Two approaches to set a column as the index in Pandas DataFrame:
(1) Set a single column as Index:
df.set_index('column', inplace=True)
(2) Set multiple columns as MultiIndex:
df.set_index(['column_1', 'column_2', ...], inplace=True)
Steps to Set Column as Index in Pandas DataFrame
Step 1: Create a DataFrame
To start with a simple example, let’s say that you’d like to create a DataFrame given the following data:
Product | Brand | Price |
AAA | A | 200 |
BBB | B | 700 |
CCC | C | 400 |
DDD | D | 1200 |
EEE | E | 900 |
You may then run the code below to create the DataFrame:
import pandas as pd data = {'Product': ['AAA', 'BBB', 'CCC', 'DDD', 'EEE'], 'Brand': ['A', 'B', 'C', 'D', 'E'], 'Price': [200, 700, 400, 1200, 900] } df = pd.DataFrame(data) print(df)

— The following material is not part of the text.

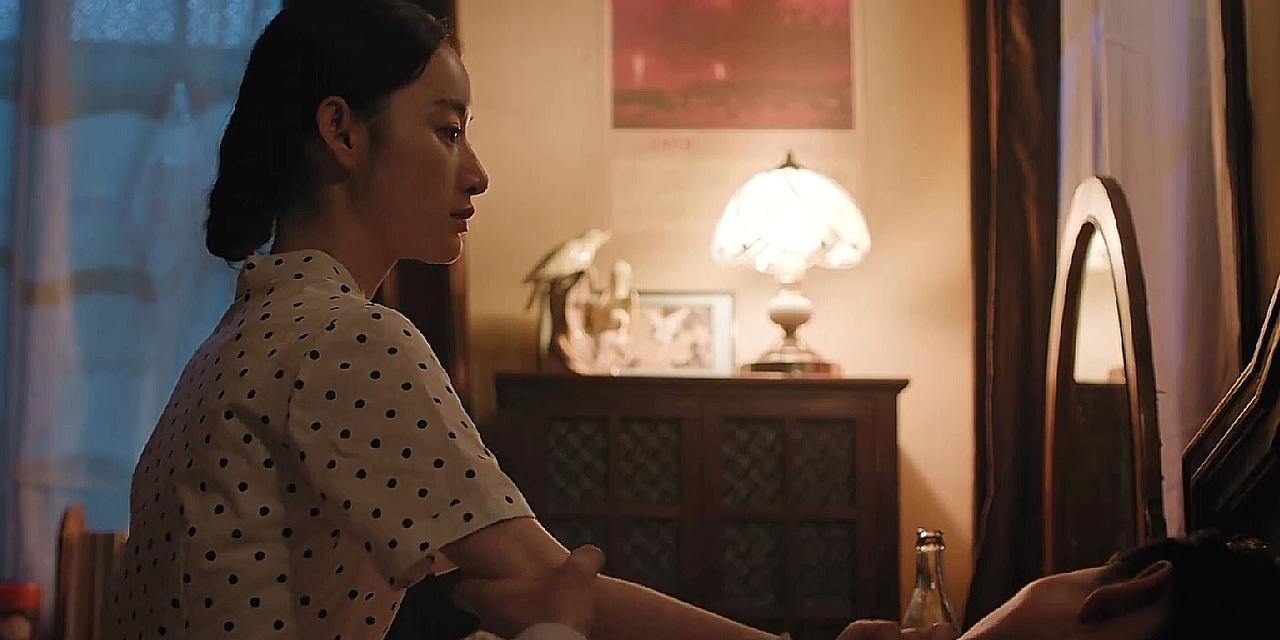 半夜床板吱呀乱响，汪科长门外瞪眼听了一宿，你猜屋里演的是哪出
费霓死死抵住门框，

You’ll now get the following DataFrame:
Product Brand Price
0 AAA A 200
1 BBB B 700
2 CCC C 400
3 DDD D 1200
4 EEE E 900
As you may see in yellow, the current index contains sequential numeric values (staring from zero). In the next step, you’ll see how to change that default index.
Step 2: Set a single column as Index in Pandas DataFrame
You may use the following approach in order to set a single column as the index in the DataFrame:
df.set_index('column', inplace=True)
For example, let’s say that you’d like to set the ‘Product‘ column as the index.
In that case, you may apply the code below to accomplish this goal:
import pandas as pd data = {'Product': ['AAA', 'BBB', 'CCC', 'DDD', 'EEE'], 'Brand': ['A', 'B', 'C', 'D', 'E'], 'Price': [200, 700, 400, 1200, 900] } df = pd.DataFrame(data) df.set_index('Product', inplace=True) print(df)
As you can see, the ‘Product’ column would now become the new index:
Brand Price
Product
AAA A 200
BBB B 700
CCC C 400
DDD D 1200
EEE E 900
Step 3 (optional): Set multiple columns as MultiIndex:
Alternatively, you may use this approach to set multiple columns as the MultiIndex:
df.set_index(['column_1', 'column_2', ...], inplace=True)
For instance, let’s say that you’d like to set both the ‘Product‘ and the ‘Brand‘ columns as the MultiIndex.
In that case, you may run this code:
import pandas as pd data = {'Product': ['AAA', 'BBB', 'CCC', 'DDD', 'EEE'], 'Brand': ['A', 'B', 'C', 'D', 'E'], 'Price': [200, 700, 400, 1200, 900] } df = pd.DataFrame(data) df.set_index(['Product', 'Brand'], inplace=True) print(df)
As you may observe, both the ‘Product’ and the ‘Brand’ columns became the new MultiIndex:
Price
Product Brand
AAA A 200
BBB B 700
CCC C 400
DDD D 1200
EEE E 900
You may also want to check the Pandas Documentation for further information about df.set_index.